Bliss is Birdbrain's debut studio album. It was recorded in 1995 at Newbury Sound, Boston, Massachusetts and released by TVT Records on August 15, 1995. Before Bliss, the band's only other releases was a demo tape, the song "Violence" on an anthology of Boston rock. It was their only album to have James Dennis on it. Despite a tour and promotion from TVT, the album was not successful.

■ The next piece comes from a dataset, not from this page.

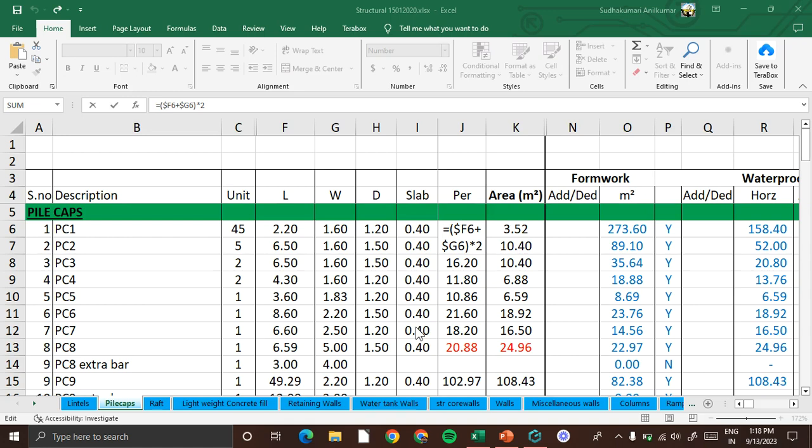We have the perimeter of the pile cap from the plan. Just multiply this perimeter by the depth of the pile cap, which can be worked from the sectional drawings or sometimes is specified in the plan drawing itself.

After the tour, on the eve of starting pre-production for the second album "Let's Be Nice" guitarist James Dennis was driven from the band over creative differences.

Professional ratings
Review scores
| Source | Rating |
| Allmusic | link |

==Track listing==
All songs written by Joey Ammo, except where noted.
1. "Confession" - 4:58
2. "Drown" - 3:56
3. "Hometown" - 4:05
4. "Roslindale" - 5:03
5. "Booga" (Ammo, James Dennis) - 3:25
6. "Gash" - 3:04
7. "Circlejerk" - 2:40
8. "Soundking" - 3:51
9. "Friends" - 6:31
10. "Pervert" (Ammo, Berzerk) - 0:51
11. "Jena" - 3:47
12. "Roses" - 8:02

==Personnel==
- Joey Ammo (Amicangelo) (Vocals, guitar, production)
- James Dennis (Guitar, vocals, production)
- Joseph McCarthy Jr. (Bass, vocals)
- Mike Benway (Drums)
- Frankie Butkus (Engineering)
- Alan Pahanish (Percussion)
- Billy Sheerin (Additional guitar)

==Singles==
- "Confession"
- "Roslindale"

==Music videos==
"Confession" was the only music video made for the album.